Segment Open
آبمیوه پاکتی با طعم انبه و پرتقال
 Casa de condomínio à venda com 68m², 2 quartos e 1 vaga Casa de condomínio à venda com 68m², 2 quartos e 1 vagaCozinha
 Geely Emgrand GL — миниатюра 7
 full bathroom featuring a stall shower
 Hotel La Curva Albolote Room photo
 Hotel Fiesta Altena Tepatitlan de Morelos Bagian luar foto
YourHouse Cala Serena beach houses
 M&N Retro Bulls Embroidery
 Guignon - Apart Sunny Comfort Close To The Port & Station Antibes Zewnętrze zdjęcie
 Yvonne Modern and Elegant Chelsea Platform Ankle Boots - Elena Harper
Segment Closed
### Problem to work on
Every line of the listing that includes "Hotel" must be shown.

### Output for this exercise
 Hotel La Curva Albolote Room photo
 Hotel Fiesta Altena Tepatitlan de Morelos Bagian luar foto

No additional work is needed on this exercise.